Well sounds like you guys are looking for some data:
- I used a draftrite pocket gauge to measure draft - no manometer
- The firebox measures 14" across 12" front to back and 4 1/2" deep
- It takes a bucket of coal about 25 lbs
- The fire bricks cover the edges so the grates take up the whole bottom
- Turns out the chimney is Duratech with a ceramic refractory 7 inch- is likely ok
- The interior pipe is double wall Selkirk dsp 6 inch
- I drilled a hole under the baro for the draft gauge - it's kept plugged with a bolt
- I have a magnetic flue thermometer under the baro as well
It sounds to me like you are doing everything correctly. Your fire is progressing as should be expected when you first light and fill. As I suspected, your firebox is small and shallow ( my Hitzer 30-95 firebox is 9" from the grates to the top of the firebricks). That seems to be a common drawback to stoves that are designed for wood or coal. It takes me an hour to get a coal fire lit and the coal burning to the top of the pile. Coal burns hot, but by no means gives off instant heat. This slow warm up and time consuming start up are two reasons most of the guys and gals on this forum attempt to keep thier fires burning for the entire heating season. Sometime when you can be home for 2 or 3 days, try keeping a fire going with the stove body temps about 400* and the stove pipe temp will probably be arround the 200* you have had. I think you will find that your stove will be reaching about all the output it has in it without pushing the operating temps beyond what you may want to do on a continuous basis. The real answer is that to heat a house, even a small one, and not have to stoke the fire every few hours, you will need a larger stove.

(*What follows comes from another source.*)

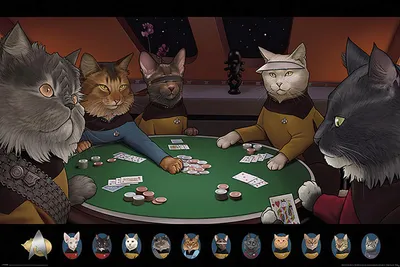 Produktbild von Pyramid Star Trek Cats Poker Poster 61x91.5cm.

There are a few things you can do to extend the burn time of your fire. 1) Try pea size coal. 2) Fill the firebox to the bottom of the load door, then, if the firebricks are higher than that on the sides and back, "bank" the fire by adding additional coal up to the top of the bricks in the back, sloping down to the load door level at the front. If the bricks are not higher than the load door bottom you may try adding another course of bricks laid on their sides allong the back and sides of the firebox. If these suggestions for greater coal capacity are not practical for you, at least mound the coal up in the middle as much as you can.
Perhaps others will have additional ideas that will help you get the performance out of your stove that you would like. Best of luck.